▸ What the task requires
Check every line of the entries below for the word "Benz". Then give the number of lines that have it, with nothing added.

────────

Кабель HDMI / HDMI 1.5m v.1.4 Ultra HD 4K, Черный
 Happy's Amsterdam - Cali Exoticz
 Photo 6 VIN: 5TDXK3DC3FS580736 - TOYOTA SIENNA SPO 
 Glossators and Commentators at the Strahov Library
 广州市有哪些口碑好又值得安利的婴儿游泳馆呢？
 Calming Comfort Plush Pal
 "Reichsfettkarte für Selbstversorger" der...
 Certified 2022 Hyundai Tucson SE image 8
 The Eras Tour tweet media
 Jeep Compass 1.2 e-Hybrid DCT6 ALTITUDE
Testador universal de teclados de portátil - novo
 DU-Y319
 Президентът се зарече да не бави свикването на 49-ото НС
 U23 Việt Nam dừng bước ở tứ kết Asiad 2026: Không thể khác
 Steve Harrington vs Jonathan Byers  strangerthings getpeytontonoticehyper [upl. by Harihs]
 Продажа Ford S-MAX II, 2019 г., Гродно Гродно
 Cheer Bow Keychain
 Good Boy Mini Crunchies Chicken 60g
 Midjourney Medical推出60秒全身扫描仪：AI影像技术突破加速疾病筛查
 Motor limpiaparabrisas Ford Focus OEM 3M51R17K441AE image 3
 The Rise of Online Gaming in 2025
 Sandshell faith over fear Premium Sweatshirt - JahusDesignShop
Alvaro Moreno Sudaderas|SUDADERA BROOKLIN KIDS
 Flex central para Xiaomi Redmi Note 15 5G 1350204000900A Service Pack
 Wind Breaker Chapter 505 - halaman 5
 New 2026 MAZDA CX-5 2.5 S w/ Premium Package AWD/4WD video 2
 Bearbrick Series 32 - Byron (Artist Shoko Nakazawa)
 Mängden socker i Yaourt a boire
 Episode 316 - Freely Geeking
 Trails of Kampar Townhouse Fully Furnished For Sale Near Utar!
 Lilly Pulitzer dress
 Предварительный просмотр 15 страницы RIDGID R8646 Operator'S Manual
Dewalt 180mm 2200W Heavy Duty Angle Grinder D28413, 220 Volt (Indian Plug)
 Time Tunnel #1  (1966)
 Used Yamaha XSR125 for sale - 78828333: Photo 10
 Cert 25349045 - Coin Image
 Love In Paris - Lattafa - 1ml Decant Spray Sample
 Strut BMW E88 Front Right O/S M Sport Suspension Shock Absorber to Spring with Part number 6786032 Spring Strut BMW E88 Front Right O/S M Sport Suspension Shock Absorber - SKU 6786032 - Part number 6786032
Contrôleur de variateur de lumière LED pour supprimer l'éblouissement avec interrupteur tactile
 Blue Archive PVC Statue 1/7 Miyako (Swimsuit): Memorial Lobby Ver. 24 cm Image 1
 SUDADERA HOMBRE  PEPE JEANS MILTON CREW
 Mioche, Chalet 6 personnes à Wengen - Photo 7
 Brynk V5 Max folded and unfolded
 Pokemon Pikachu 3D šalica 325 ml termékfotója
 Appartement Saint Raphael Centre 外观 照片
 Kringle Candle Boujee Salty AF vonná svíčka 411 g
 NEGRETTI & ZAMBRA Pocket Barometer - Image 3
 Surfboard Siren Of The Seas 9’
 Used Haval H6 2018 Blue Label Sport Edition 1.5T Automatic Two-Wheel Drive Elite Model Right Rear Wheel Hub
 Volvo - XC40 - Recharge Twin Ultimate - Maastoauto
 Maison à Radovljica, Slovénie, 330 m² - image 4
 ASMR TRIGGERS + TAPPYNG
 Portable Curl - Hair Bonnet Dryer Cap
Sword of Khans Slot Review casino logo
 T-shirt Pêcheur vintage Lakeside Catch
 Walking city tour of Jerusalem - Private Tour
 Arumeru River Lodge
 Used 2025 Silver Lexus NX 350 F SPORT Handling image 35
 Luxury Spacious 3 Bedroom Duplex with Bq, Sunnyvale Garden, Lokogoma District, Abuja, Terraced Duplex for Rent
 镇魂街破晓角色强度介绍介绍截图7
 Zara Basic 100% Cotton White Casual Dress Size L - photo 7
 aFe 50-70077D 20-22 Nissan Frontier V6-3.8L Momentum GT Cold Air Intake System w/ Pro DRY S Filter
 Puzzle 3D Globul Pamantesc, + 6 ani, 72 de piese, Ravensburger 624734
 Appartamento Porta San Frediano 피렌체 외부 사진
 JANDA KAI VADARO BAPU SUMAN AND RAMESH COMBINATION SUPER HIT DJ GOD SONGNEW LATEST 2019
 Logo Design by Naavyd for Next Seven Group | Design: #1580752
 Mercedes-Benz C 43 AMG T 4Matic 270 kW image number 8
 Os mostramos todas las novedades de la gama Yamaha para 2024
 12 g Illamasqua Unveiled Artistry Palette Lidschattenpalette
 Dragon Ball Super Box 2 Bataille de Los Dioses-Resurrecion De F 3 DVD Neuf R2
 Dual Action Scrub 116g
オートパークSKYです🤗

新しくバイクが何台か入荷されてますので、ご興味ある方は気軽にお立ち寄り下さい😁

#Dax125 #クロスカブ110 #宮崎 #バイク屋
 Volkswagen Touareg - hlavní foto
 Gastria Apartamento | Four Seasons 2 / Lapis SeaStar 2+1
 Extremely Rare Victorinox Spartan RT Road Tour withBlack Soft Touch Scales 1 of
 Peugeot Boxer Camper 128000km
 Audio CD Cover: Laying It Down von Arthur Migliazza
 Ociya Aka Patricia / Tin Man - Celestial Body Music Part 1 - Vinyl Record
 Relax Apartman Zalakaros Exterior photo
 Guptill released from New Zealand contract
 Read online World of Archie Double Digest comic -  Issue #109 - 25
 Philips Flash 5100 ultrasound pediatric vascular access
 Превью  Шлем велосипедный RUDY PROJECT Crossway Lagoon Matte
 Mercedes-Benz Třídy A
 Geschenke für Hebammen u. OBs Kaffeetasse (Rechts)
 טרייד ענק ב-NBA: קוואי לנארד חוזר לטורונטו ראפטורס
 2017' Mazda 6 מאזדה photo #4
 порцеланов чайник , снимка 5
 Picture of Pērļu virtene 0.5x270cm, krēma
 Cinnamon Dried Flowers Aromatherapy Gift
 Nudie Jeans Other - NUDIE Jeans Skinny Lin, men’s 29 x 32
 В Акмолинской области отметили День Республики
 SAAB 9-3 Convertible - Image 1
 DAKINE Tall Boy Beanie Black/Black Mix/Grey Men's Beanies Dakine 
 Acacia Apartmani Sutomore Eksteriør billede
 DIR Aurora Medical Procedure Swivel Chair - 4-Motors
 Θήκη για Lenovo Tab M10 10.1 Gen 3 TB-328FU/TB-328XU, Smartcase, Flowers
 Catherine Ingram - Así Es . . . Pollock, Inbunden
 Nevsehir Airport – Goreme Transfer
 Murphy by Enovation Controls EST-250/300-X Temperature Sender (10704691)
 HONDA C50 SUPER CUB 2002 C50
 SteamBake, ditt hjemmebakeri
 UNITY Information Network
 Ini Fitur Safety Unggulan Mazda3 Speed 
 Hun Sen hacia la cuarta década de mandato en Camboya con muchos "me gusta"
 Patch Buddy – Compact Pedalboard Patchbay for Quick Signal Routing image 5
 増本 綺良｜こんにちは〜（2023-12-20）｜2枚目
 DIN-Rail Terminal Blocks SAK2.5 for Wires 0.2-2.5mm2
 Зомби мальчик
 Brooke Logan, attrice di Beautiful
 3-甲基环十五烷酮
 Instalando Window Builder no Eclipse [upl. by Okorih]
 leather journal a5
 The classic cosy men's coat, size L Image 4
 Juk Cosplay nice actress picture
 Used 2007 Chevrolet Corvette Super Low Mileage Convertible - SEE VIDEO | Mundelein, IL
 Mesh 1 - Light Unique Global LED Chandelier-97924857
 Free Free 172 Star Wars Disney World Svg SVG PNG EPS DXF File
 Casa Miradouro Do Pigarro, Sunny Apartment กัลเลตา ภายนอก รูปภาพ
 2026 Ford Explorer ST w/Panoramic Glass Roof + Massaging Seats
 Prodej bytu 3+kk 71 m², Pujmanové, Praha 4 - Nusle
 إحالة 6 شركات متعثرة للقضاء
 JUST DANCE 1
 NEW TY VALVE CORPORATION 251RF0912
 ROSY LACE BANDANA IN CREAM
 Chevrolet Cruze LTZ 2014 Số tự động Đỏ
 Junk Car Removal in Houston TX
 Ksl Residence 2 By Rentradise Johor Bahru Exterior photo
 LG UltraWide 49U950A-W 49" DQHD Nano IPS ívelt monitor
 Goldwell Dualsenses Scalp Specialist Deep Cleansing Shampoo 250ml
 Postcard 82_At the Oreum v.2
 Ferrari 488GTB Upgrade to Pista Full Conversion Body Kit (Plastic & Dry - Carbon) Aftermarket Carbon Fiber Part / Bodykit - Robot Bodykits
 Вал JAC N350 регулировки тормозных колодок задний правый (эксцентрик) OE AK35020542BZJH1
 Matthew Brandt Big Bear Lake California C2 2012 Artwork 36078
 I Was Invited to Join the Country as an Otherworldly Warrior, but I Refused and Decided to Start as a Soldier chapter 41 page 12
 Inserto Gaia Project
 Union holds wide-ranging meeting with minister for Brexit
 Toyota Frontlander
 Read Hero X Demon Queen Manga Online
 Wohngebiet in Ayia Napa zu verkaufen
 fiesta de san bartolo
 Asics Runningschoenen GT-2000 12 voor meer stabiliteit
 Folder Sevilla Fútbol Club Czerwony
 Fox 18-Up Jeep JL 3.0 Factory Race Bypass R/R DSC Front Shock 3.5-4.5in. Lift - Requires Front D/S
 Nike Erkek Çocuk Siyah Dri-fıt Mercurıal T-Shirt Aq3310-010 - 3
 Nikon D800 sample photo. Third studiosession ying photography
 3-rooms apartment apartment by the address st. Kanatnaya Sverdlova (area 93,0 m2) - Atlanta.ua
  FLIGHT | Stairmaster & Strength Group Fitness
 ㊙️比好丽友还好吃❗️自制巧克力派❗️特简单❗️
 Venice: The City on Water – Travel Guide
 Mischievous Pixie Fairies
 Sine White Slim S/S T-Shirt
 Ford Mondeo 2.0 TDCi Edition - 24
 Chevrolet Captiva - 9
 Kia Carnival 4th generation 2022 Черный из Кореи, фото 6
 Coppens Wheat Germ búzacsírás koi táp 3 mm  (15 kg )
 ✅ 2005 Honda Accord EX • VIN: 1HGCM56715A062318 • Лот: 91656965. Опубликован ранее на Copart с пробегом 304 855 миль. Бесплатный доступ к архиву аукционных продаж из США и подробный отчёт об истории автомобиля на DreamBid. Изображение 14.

────────

▸ Your response
2